> Task to carry out
The answer must consist only of the lines from the line with "1:43 Scale RC" to the line with "Lowepro DroneGuard CS", both included, exactly as they stand below.

> Web page caption snippets

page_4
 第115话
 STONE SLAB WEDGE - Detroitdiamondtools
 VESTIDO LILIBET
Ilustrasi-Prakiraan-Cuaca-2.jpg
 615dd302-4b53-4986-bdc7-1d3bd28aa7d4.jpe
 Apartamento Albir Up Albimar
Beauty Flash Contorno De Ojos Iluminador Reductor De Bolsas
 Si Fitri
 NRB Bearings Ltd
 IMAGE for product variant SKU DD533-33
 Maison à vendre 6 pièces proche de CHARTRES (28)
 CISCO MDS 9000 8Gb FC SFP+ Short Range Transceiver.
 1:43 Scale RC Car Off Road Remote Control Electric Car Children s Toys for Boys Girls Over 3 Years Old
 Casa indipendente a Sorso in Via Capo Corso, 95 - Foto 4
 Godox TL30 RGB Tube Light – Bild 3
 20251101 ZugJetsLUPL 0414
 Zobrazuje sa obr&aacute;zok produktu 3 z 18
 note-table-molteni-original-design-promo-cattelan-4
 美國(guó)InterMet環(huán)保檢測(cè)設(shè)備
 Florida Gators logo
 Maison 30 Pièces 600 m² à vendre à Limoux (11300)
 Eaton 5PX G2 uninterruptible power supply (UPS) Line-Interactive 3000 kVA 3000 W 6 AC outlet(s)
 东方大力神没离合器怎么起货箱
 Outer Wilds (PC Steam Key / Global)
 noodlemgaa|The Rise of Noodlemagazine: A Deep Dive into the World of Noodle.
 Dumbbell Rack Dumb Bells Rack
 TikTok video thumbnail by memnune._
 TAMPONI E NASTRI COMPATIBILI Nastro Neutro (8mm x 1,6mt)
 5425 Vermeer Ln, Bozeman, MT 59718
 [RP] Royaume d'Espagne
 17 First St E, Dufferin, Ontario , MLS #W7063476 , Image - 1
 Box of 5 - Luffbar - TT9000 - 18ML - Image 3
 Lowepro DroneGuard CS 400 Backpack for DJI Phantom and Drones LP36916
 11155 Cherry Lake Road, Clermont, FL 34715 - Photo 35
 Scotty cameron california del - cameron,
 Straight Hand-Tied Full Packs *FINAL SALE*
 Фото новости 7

> Solution for this task
 1:43 Scale RC Car Off Road Remote Control Electric Car Children s Toys for Boys Girls Over 3 Years Old
 Casa indipendente a Sorso in Via Capo Corso, 95 - Foto 4
 Godox TL30 RGB Tube Light – Bild 3
 20251101 ZugJetsLUPL 0414
 Zobrazuje sa obr&aacute;zok produktu 3 z 18
 note-table-molteni-original-design-promo-cattelan-4
 美國(guó)InterMet環(huán)保檢測(cè)設(shè)備
 Florida Gators logo
 Maison 30 Pièces 600 m² à vendre à Limoux (11300)
 Eaton 5PX G2 uninterruptible power supply (UPS) Line-Interactive 3000 kVA 3000 W 6 AC outlet(s)
 东方大力神没离合器怎么起货箱
 Outer Wilds (PC Steam Key / Global)
 noodlemgaa|The Rise of Noodlemagazine: A Deep Dive into the World of Noodle.
 Dumbbell Rack Dumb Bells Rack
 TikTok video thumbnail by memnune._
 TAMPONI E NASTRI COMPATIBILI Nastro Neutro (8mm x 1,6mt)
 5425 Vermeer Ln, Bozeman, MT 59718
 [RP] Royaume d'Espagne
 17 First St E, Dufferin, Ontario , MLS #W7063476 , Image - 1
 Box of 5 - Luffbar - TT9000 - 18ML - Image 3
 Lowepro DroneGuard CS 400 Backpack for DJI Phantom and Drones LP36916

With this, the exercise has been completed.